In "Going Rogue," Palin also laments about everyone in her entourage being forced to wear fancy clothes she couldn't afford — preferring simpler, cheaper garb. But it's as if Johnston, who was among those hastily spiffed up to appear at the 2008 Republican National Convention in St. Paul, Minn., had never left Wasilla.
The tactic does appear to have merit; Johnston, who has sparred repeatedly with his former mother-in-law-to-be, continues to warn that she should leave him alone, or he might dish some serious dirt that "will hurt her."
While the book — which contains 68 color photos but no index — stays away from Johnston, the former vice presidential candidate digs in when it comes to those who ran Sen.
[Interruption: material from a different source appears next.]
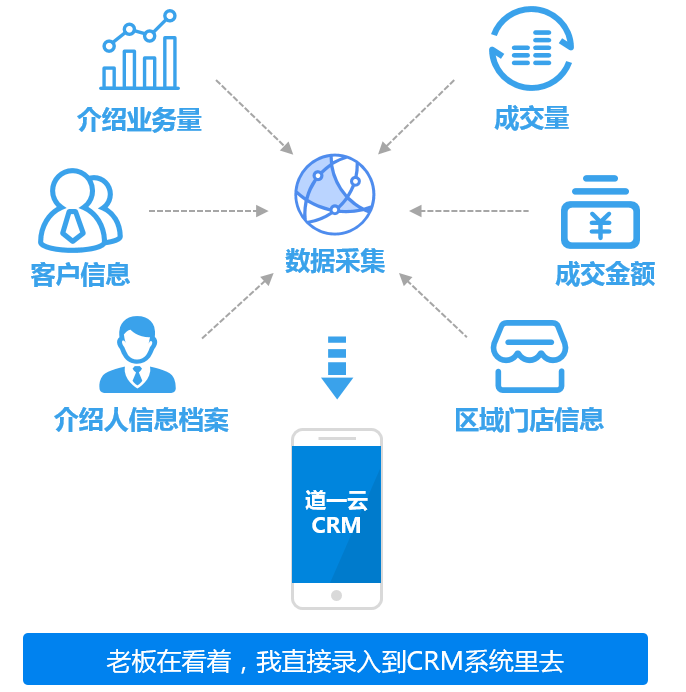 CRM一键记录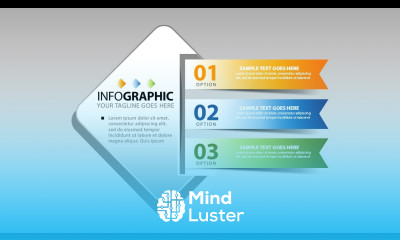 Steps Infographic Design in Photoshop Infographic Design Vertex Graphic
John McCain's campaign, The Associated Press reports.
It was also reported, Sarah Palin believe her 2008 interview with CBS News Anchor Katie Couric would be a defining moment in the presidential election, she tells Oprah Winfrey in an upcoming interview -- but she knew it was bad.
The McCain campaign, however, thought the interview went well, Palin tells Winfrey in an interview that will broadcast Monday.
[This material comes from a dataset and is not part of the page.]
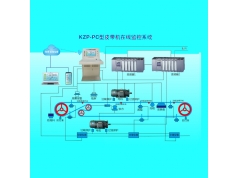 河南喜客  GZP-PC型皮带机  认证机构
"The campaign said, right on. Good. You're showing your independence," Palin said, according to an excerpt from the interview. "And of course I'm thinking, if you thought that was a good interview, I don't know what a bad interview is because I knew it was a bad interview." CBS News reports.
News agencies alos report, during her book tour, Ms. Palin is sure to mention that the Obama administration's opposition to offshore drilling and domestic nuclear power, and its support for an onerous cap-and-trade scheme, will raise energy prices across the board. But she also might spend less time discussing campaign intrigue and Alaska trivia, and more time outlining how to spur job creation through tax reform.
She might mention, too, that the Democrats' health-care plan would hike taxes, raise the cost of doing business, and lead to rationing down the line. She might point out that, on top of health care, the stimulus and bailouts, President Obama's 2010 budget will further bury the United States in debt. Every time the media try to shift the conversation to personal gossip or past mistakes, Ms. Palin should pull it right back to how the Obama agenda will hurt the middle class.
Oprah will be aghast. The Democrats will be outraged. But independents will be listening. And the rehabilitation of Sarah Palin will have begun , The Wall Street Journal reports.